Case law on this topic shows that judges are not always on the same page when it comes to qualifying conditional intent. There is case law which shows that in some situations intent is considered proven because the suspect ‘should have known’ there was a considerable chance of a criminal offense and the suspect accepted that chance deliberately. This way of reasoning results in an objectification of conditional intent, whereas this formula – ‘should have known’ – in our opinion actually proves that the suspect had no knowledge of a possible criminal offense. In that respect the decision of the Supreme Court (Tax Chamber) of 31 May 2013 is interesting. In this case an advisor was not aware of certain information. Because of that a wrong tax return was filed. The Supreme Court decided that the fact that the advisor in that specific case did not ask for further documentation and that he did not explore the legal merits further – even if he was supposed to do so – does not lead to the conclusion that the advisor deliberately accepted the considerable change of a criminal offense.

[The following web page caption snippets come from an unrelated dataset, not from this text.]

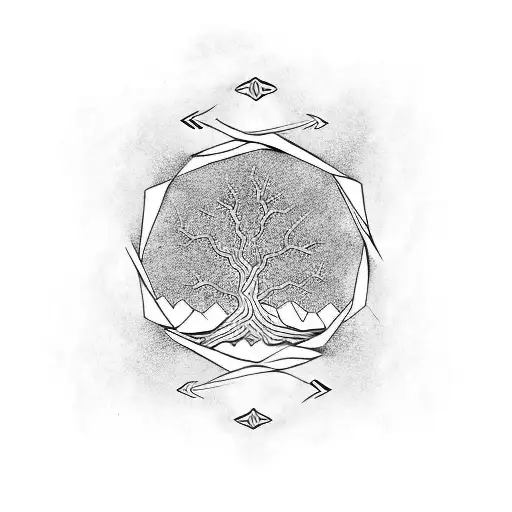 Golden Cut With Type O Negative Band Logo And Tree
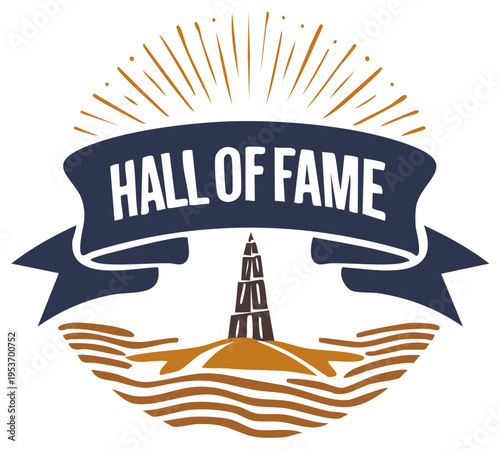 Hall of Fame emblem with a lighthouse and ribbon with sunburst elements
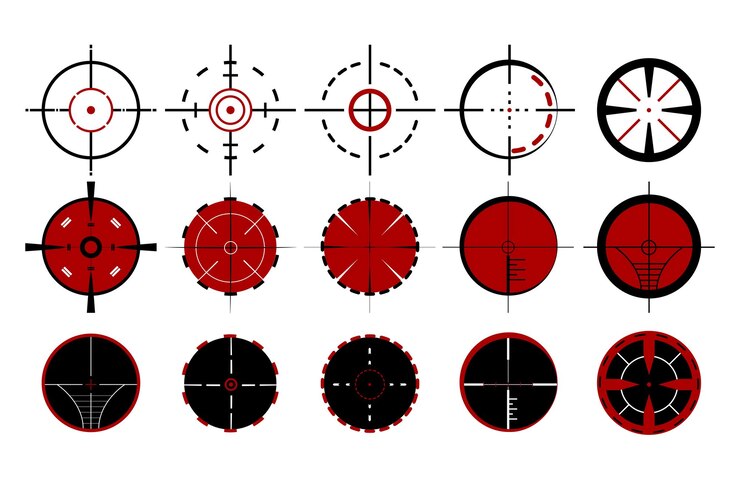 Vector gratuito puntuaciones de francotirador o conjunto de ilustración de dibujos animados de punto de mira. visor de pistola o pistola, mira telescópica sobre fondo blanco. arma, caza, precisión, objetivo, puntería, vista, concepto de disparo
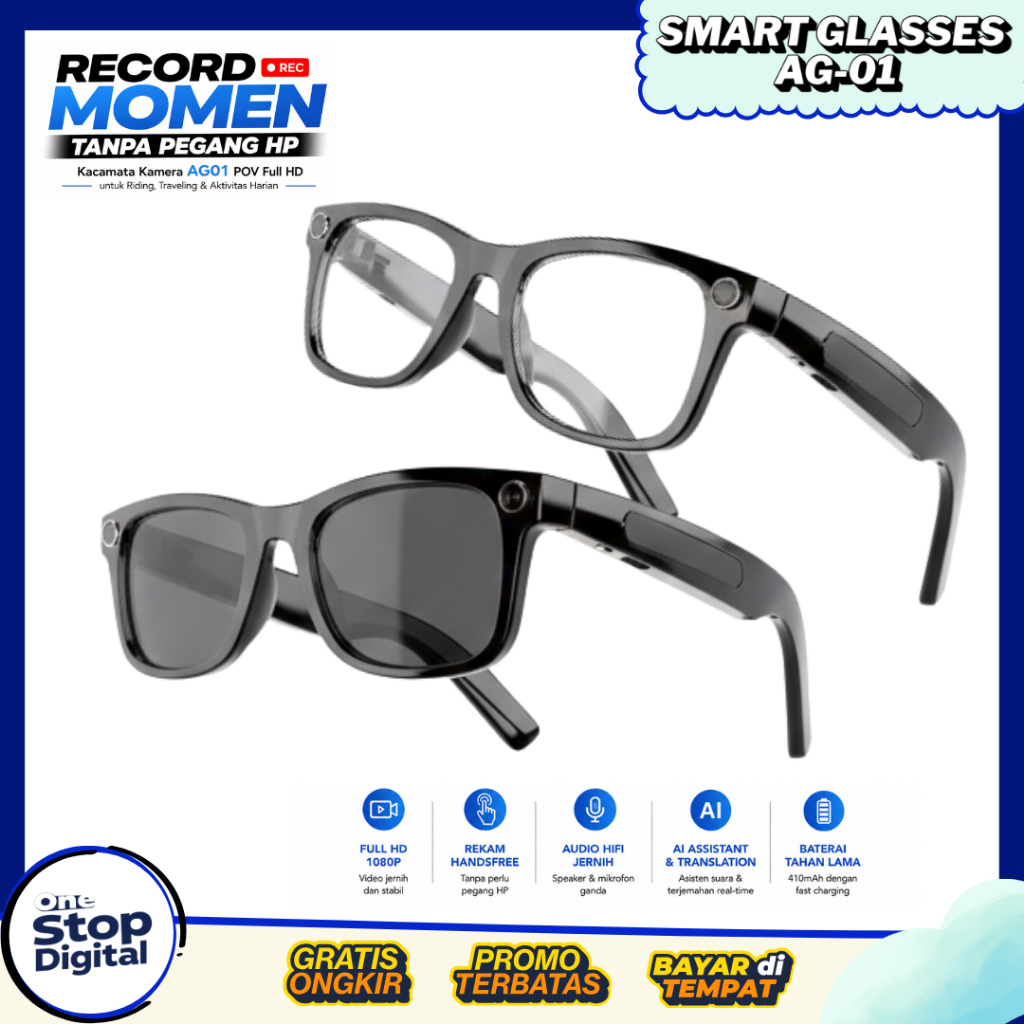 Smart Glasses AI AG01 Kacamata Kamera POV HD 1080P Audio HiFi Rekam Video Handsfree Bluetooth AI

Practice shows that tax inspectors who impose administrative penalties, public prosecutors and sometimes even judges are not always aware of the case law on this topic or find themselves assuming or imputing ‘knowledge’ of certain information to a suspect. It is crucial– both in administrative and criminal investigations – to present a case in the right perspective. And if it does not come to a penalty or prosecution it is more likely that a disciplinary complaint will not be made or will be withdrawn.
What is your experience in your country? Does law enforcement aim for professional facilitators in their fight against fraud as well?